Book review by Techcrony.info | Publisher: Packt. Author(s): Jonathan Chaffer and Karl Swedberg | Reviewed on: April 8th, 2008'
Chapter 1: Getting Started
Chapter 2: Selectors–How to Get Anything You Want
Chapter 3: Events–How to Pull the Trigger
Chapter 4: Effects–How to Add Flair to Your Actions
Chapter 5: DOM Manipulation–How to Change Your Page on Command
Chapter 6: AJAX–How to Make Your Site Buzzword-Compliant
Chapter 7: Table Manipulation
Chapter 8: Forms with Function
Chapter 9: Shufflers and Rotators
Chapter 10: Plug-ins
Appendix A: Online Resources
Appendix B: Development Tools
In Chapter 3, the reader is shown how to attach and remove events to elements using jQuery, and how jQuery expedites things in terms of cross browser compatibility and more subtle issues like taking care of potential memory leaks in IE. Essential event related tasks like preventing event bubbling, event propagation, and cancelling default actions are also discussed within the context of using jQuery.
Chapter 4 looks at jQuery's built in abilities for rendering effects like element fading, sliding in/out, movement across the page etc. jQuery isn't exactly an effects centric library like MooTools, but there are still areas it covers that the jQuery documentation itself does a poor job of, such as the animate() method and how to queue effects.
Chapter 5 breaks down DOM and HTML manipulation using jQuery, a task that is currently quite tedious for the purists that go through the standard DOM methods on their own to accomplish.

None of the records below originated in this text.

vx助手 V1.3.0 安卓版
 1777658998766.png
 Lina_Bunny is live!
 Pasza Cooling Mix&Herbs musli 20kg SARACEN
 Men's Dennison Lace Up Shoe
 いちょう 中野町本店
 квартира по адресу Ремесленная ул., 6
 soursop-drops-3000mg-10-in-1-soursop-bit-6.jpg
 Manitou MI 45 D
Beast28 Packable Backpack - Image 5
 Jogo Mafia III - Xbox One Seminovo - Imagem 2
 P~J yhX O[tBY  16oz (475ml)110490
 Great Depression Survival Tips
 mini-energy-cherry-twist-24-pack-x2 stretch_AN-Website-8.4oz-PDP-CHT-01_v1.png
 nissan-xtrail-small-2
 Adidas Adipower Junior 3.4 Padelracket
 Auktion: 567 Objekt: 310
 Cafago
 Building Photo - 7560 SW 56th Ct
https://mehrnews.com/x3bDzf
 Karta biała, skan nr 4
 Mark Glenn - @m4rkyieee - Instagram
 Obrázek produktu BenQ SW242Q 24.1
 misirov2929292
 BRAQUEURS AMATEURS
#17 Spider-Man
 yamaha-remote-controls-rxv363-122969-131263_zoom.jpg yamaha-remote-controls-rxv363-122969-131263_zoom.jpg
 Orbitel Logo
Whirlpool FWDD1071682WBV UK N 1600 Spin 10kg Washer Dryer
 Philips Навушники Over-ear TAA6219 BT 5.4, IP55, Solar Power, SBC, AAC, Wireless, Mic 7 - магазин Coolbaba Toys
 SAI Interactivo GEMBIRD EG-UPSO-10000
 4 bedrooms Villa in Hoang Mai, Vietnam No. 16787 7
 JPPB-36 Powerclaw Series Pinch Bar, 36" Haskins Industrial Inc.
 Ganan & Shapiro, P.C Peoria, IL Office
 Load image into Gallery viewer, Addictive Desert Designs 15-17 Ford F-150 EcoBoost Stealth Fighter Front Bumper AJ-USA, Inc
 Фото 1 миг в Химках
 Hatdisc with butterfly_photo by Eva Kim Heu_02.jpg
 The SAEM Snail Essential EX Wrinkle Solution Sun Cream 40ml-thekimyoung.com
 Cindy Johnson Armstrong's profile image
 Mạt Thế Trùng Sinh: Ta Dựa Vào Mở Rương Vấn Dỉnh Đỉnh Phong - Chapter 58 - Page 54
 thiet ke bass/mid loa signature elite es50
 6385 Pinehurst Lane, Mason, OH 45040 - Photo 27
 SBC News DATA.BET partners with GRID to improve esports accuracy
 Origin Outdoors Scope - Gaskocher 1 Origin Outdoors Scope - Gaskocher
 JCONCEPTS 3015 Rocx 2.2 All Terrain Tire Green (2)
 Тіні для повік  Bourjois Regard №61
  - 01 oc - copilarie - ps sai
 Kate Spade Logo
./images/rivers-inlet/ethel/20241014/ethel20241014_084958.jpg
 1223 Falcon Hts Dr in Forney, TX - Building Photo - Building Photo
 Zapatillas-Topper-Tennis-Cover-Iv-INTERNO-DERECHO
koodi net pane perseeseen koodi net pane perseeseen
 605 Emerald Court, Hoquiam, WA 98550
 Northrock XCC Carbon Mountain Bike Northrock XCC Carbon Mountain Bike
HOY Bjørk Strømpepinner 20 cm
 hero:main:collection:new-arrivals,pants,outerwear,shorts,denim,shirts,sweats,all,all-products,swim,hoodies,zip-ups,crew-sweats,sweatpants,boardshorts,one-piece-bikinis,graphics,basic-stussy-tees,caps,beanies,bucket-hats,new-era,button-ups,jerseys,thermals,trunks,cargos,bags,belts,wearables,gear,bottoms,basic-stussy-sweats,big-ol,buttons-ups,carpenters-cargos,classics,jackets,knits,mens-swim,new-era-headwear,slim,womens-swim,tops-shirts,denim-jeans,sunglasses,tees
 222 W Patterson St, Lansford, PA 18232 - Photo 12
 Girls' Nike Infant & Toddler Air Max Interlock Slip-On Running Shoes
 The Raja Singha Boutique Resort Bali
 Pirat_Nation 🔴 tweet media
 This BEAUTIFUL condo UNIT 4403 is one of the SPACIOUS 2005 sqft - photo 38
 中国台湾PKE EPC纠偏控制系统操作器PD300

You'll learn things like using jQuery to insert new elements, move elements, copying and appending elements to the document
In Chapter 6, "Learning jQuery" woes the Web 2.0 crowd by going into detail jQuery's Ajax abilities, and how it makes light work of common tasks such as performing GET/POST requests, fetching data as either JSON or XML and parsing it using jQuery. There are quite a few Ajax related methods in jQuery, some redundant IMO, and this chapter does start to lose focus by trying to cover too many of them, instead of limiting itself to just methods that do not overlap in function. Nonetheless, it's still better than the jQuery documentation, that's for sure.
Up until this point, all the chapters have been "building blocks" in nature, one paving the way to the next. However, starting in Chapter 7, "Table Manipulation", breaks away from this roadmap and looks at common tasks of the day that can be simplified and enhanced using jQuery. There are additional jQuery tips you pick up as you read these chapters, though the focus now is more on the application rather than new techniques. Chapter 8 "Forms with Function" arguably has the most mass appeal, containing numerous examples that are manageable in size and somewhat self contained, from the obligatory required fields validation, checking for specific data types like numbers, currency etc, to Ajax infused forms.